___ SOURCE MATERIAL
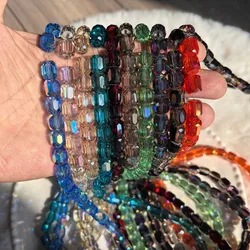 8mm Austria Shiny Colorful Crystal Beads Faceted Round Barrel Loose Spacer Beads for Jewelry Making DIY Necklace Bracelet
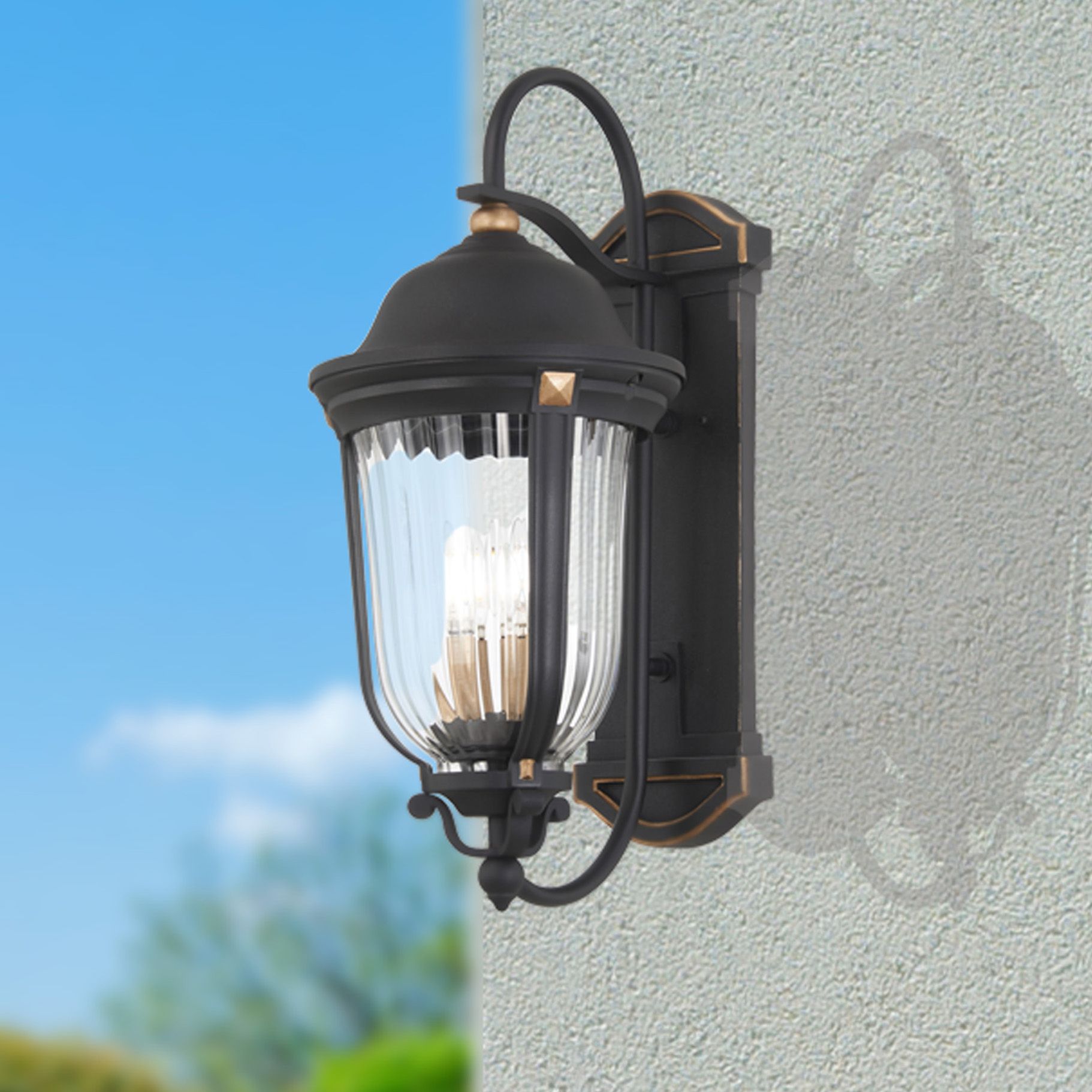 Image 5 The Great Outdoors Peale Street 4-Light Sand Coal Outdoor Wall Mount more views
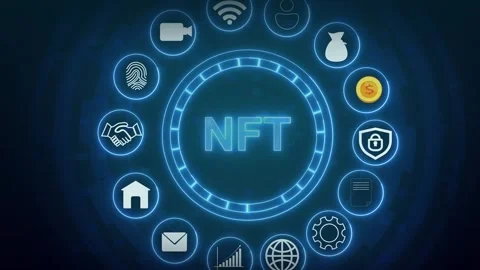 Circular interface animation with non fungible token nft layout. Circular i.. Stock Footage 341127851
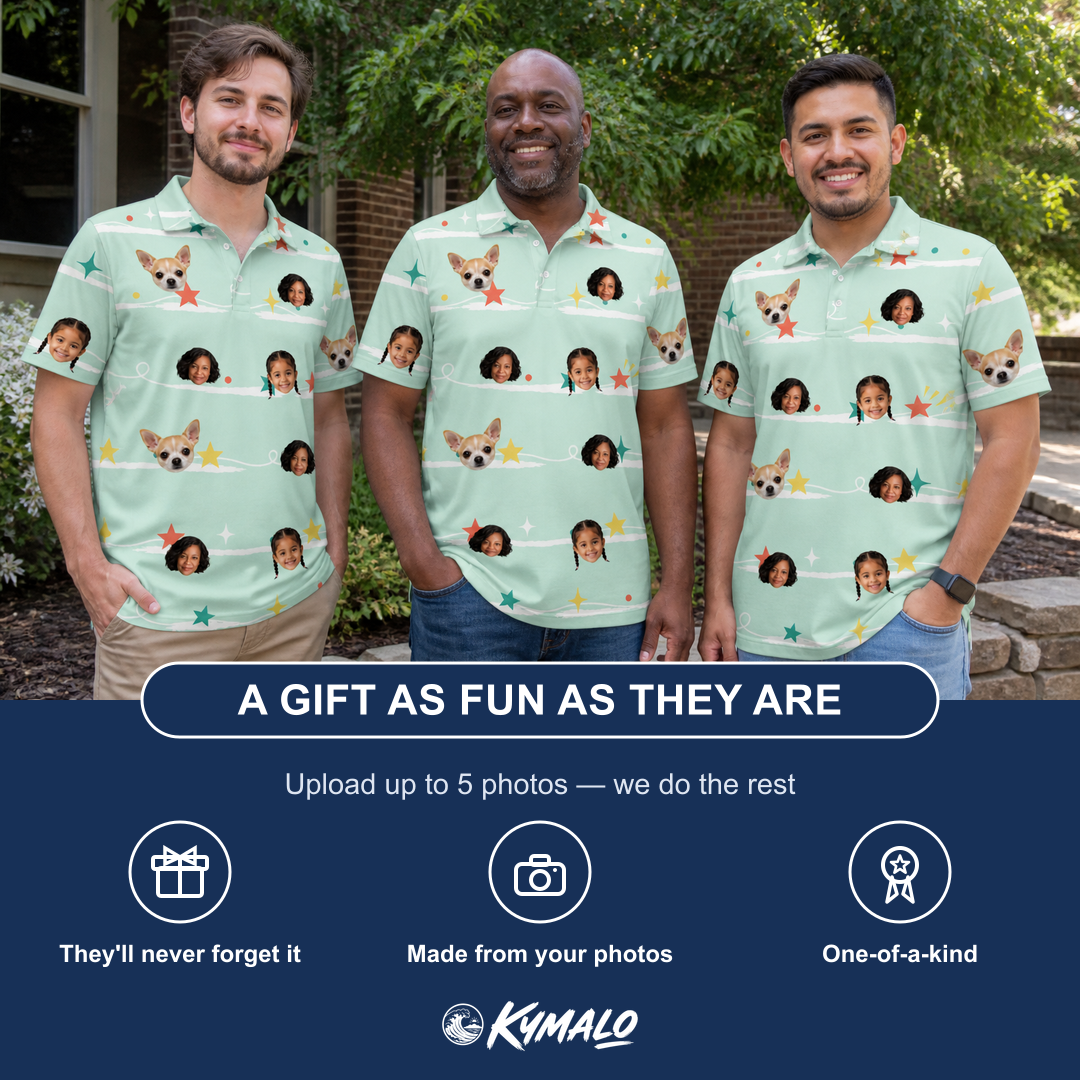 Friends in matching Men's Birthday Bling Custom Face Polo Shirt — a group gift photo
______
### WORK REQUEST
Leaving out the pictures, output each line above exactly as it is.

### TASK SOLUTION
 8mm Austria Shiny Colorful Crystal Beads Faceted Round Barrel Loose Spacer Beads for Jewelry Making DIY Necklace Bracelet
 Image 5 The Great Outdoors Peale Street 4-Light Sand Coal Outdoor Wall Mount more views
 Circular interface animation with non fungible token nft layout. Circular i.. Stock Footage 341127851
 Friends in matching Men's Birthday Bling Custom Face Polo Shirt — a group gift photo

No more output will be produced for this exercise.